TO DO: Your task is to write out every line of the data exactly. Drop the pictures.

* * *

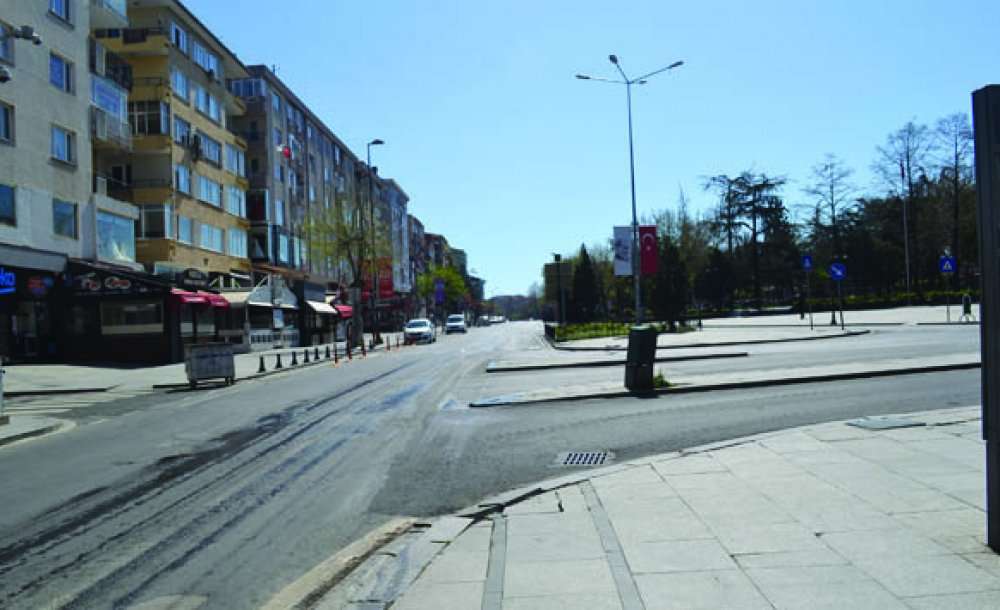 Çorlu Yasağa Uydu, Evinden Çıkmadı 
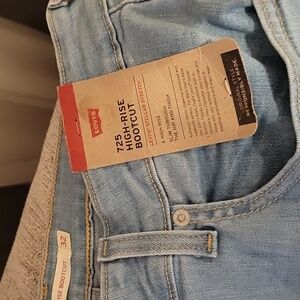 Levis 725 z high rise Bootcut
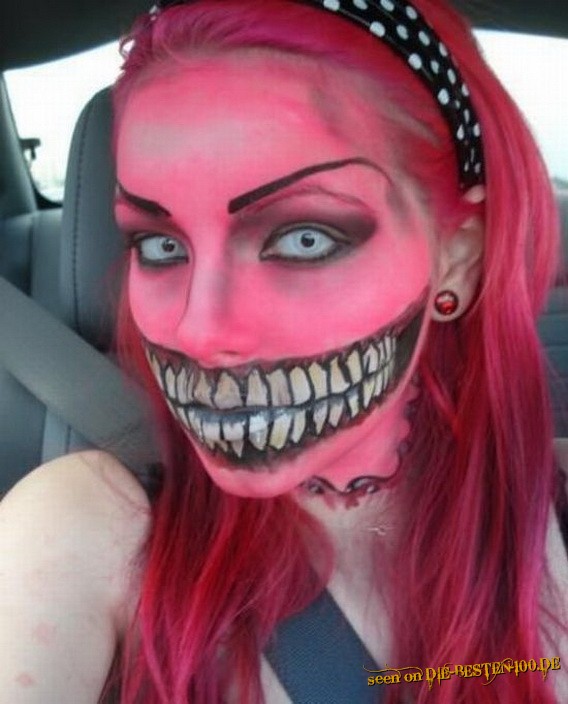 Monster Gesichtsbemalung in Pink mit Kontaktlinsen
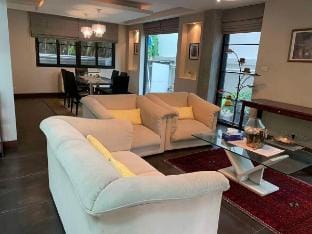 Urban Oasis Thonglor Villa in Bangkok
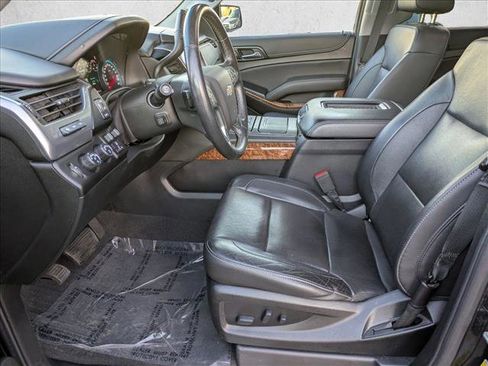Used 2020 Chevrolet Tahoe Premier w/ 6.2L Performance Package image 19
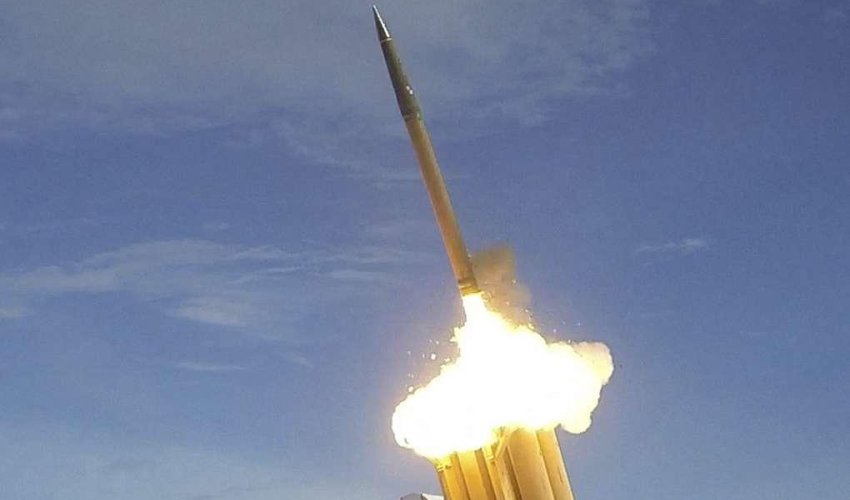 Израильская армия засекла пуск ракеты из сектора Газа Израильская армия засекла пуск ракеты из сектора Газа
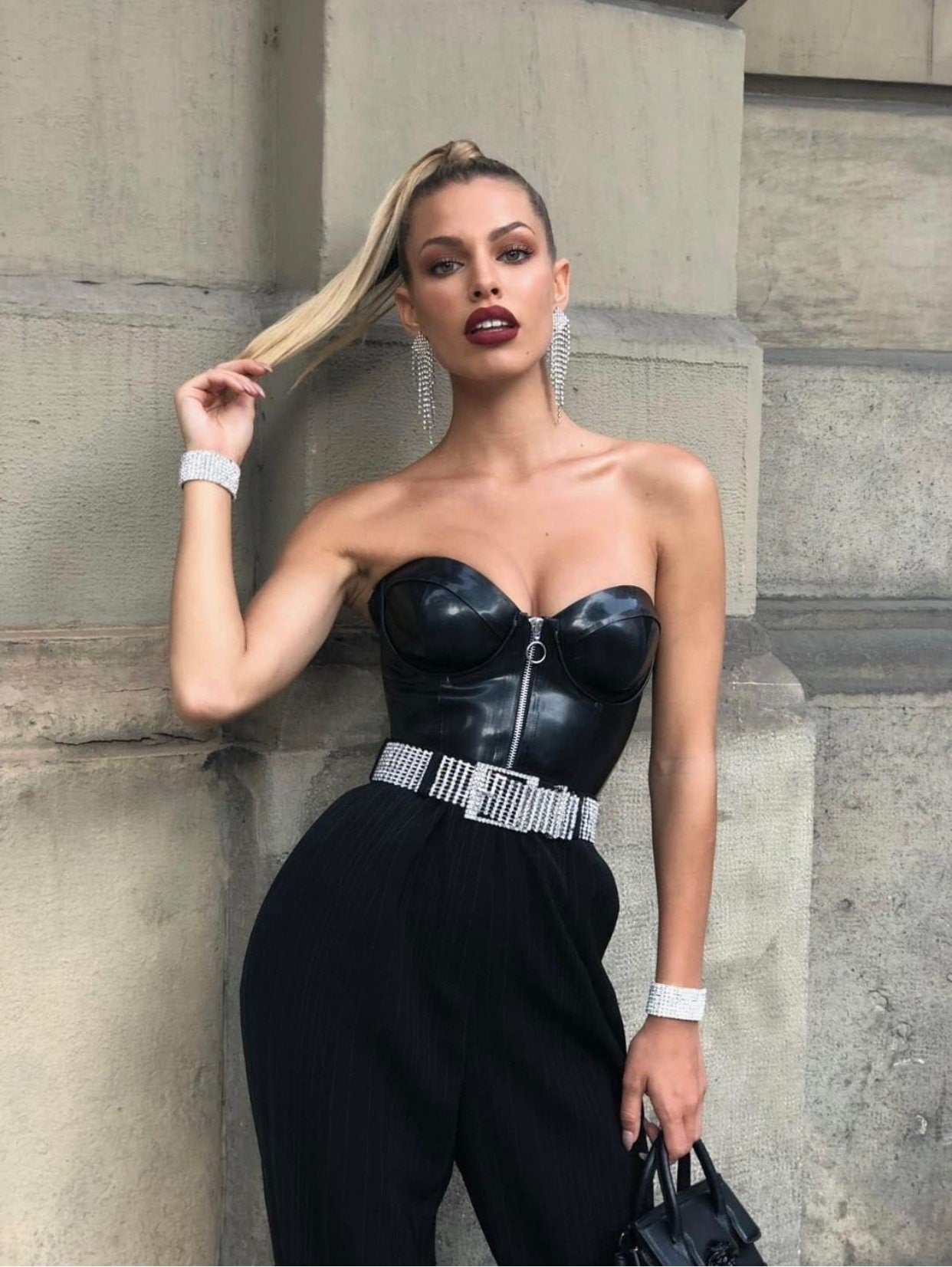 Bustier with front zipper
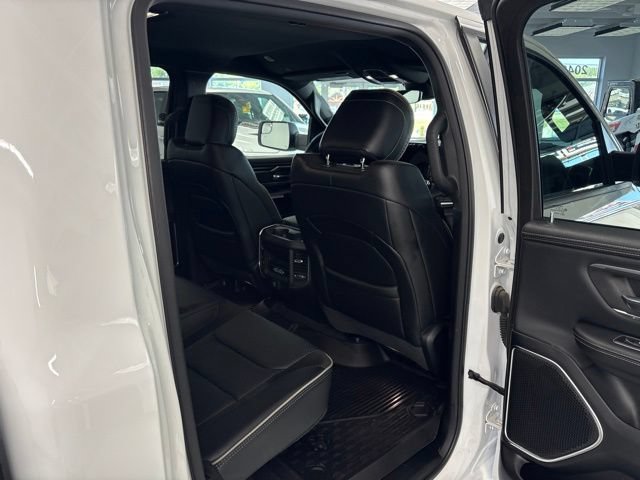 Used 2023 RAM 1500 Laramie AWD/4WD image 27
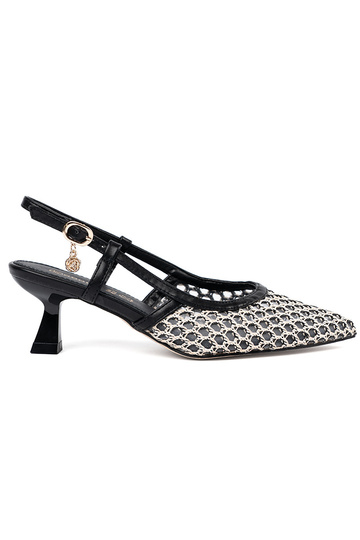 Absatzschuhe mit Lochmuster...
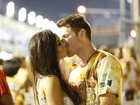 Carol Nakamura namora muito em dia de samba no Rio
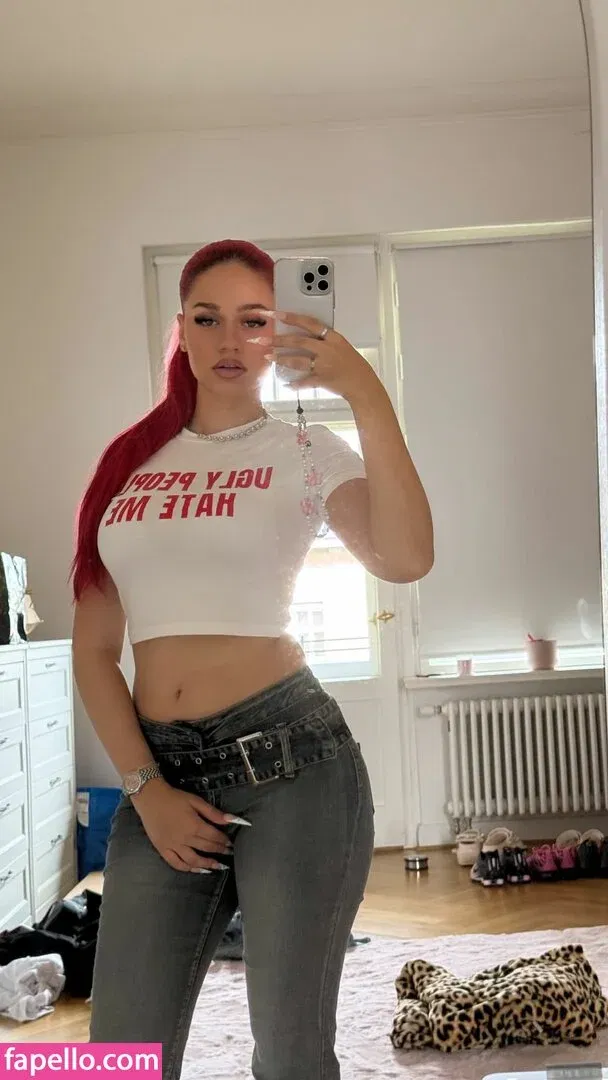 badmomzjay Onlyfans Photo Gallery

* * *

WRITTEN REPLY:
 Çorlu Yasağa Uydu, Evinden Çıkmadı 
 Levis 725 z high rise Bootcut
 Monster Gesichtsbemalung in Pink mit Kontaktlinsen
 Urban Oasis Thonglor Villa in Bangkok
Used 2020 Chevrolet Tahoe Premier w/ 6.2L Performance Package image 19
 Израильская армия засекла пуск ракеты из сектора Газа Израильская армия засекла пуск ракеты из сектора Газа
 Bustier with front zipper
 Used 2023 RAM 1500 Laramie AWD/4WD image 27
 Absatzschuhe mit Lochmuster...
 Carol Nakamura namora muito em dia de samba no Rio
 badmomzjay Onlyfans Photo Gallery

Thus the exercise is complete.